There is no greater agony than bearing an untold story inside you. - Maya Angelou
What?? ... Where?? ... How?? ... When?? ....
Often, it is the questions that we may have that keep us from ultimately pursuing a new activity. Therapy can be very overwhelming and unknown. But I encourage you to ask the questions and pursue your healing journey. It can be one of the best things that you do for yourself.
1. What If I Had Bad Experiences in the Past, Will You Be Different
That is for you to decide. I believe that one of the most important aspects of your therapy process is that you find a therapist that you truly feel connected with. This is someone that you are sharing the most intimate details of your life with, so it is important that you feel they are trustworthy, right? If you do not feel like you can trust your therapist or connect with them, your process may not go as well as you hoped. The relationship that exists between the therapist and client is so important. Therapy is about being collaborative and working together to help you meet your needs. Not all therapists are meant to work with everyone. I know that based on my style and the way that I go about the therapeutic process, I am not going to be the right fit for everyone, and that is okay. Sometimes it takes a few therapists to find the right one. Be willing to advocate for yourself in finding the right one for YOU.
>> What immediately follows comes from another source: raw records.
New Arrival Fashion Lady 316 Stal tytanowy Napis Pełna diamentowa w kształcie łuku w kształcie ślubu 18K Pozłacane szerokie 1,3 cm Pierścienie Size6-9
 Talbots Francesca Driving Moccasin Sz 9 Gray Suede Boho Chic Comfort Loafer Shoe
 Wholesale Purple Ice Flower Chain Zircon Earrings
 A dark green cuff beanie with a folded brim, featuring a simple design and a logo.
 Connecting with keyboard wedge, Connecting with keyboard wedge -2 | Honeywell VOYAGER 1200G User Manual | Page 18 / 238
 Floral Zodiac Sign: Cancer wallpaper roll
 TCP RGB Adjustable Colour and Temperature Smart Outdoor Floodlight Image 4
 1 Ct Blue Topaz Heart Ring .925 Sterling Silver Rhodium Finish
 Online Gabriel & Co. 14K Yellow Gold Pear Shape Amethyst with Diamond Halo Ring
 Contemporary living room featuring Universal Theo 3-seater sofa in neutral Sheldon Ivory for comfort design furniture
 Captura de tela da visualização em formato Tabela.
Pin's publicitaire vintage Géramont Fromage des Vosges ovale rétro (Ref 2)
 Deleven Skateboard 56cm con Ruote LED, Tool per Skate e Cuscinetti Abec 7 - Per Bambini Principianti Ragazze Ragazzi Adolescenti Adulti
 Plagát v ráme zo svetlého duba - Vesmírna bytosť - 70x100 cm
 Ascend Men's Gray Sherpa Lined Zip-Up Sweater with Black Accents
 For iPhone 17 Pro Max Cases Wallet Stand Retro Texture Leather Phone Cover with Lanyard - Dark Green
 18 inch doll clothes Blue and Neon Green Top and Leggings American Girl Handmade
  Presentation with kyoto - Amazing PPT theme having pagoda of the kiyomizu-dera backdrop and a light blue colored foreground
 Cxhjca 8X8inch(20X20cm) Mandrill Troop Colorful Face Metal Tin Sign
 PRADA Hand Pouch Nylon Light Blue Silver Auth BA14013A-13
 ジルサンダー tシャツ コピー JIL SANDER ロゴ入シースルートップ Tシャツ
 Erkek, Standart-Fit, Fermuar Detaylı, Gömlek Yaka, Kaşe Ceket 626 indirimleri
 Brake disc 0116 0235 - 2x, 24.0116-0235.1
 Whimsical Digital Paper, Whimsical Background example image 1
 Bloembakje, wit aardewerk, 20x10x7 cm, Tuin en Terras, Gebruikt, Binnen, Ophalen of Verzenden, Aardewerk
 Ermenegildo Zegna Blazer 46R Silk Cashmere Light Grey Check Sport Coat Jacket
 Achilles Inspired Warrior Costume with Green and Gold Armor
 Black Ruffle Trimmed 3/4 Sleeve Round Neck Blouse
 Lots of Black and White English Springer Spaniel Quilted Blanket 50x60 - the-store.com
2. I Do Not Want ANYONE to Know That I Am in Therapy, if They Contact You, Will You Tell Them?
Please feel assured of a couple of things. 1. I value confidentiality and it is not something that I take lightly. If anyone, including a doctor, spouse, parent, friend, etc. calls to find out if I am seeing you or find out more about what you are sharing, I cannot confirm to anyone that you are my client, nor will I share ANYTHING about YOUR process. There is actually a specific form called a Release of Information" (ROI) that should be signed by you, giving permission to speak with anyone. If that form is not signed, I cannot speak to anyone about you. This is completely confidential.2. I absolutely will not share information that you have shared with me in session. However, I do want you to know that there are some situations in which I do not have a choice and I would have to report. As a Therapist, I am a mandated reported, which essentially means that if I am told about child or elder abuse, if I find out that you desire to harm yourself or someone else, or if I am required to by a judge. Ultimately, it is my job to help keep you and others safe. Therefore, the only breach of confidentiality comes with a safety issue.
3. Are You Sure You Can Help ME?
I absolutely want to support you throughout this process. However, it is not my job to "fix you". My job throughout this process is to come along side you and help support you through this process, but I do not deserve the right in your life to tell you that there is something wrong with you, to be fixed. This process is yours to own and take charge of. I can provide you the tools necessary to help your situation, but it is ultimately you who decides if you want to implement those tools into your life. Forcing you to do something that you have no desire to do and judging you if you do not is not going to be helpful to you. Therefore, my role is mostly of support.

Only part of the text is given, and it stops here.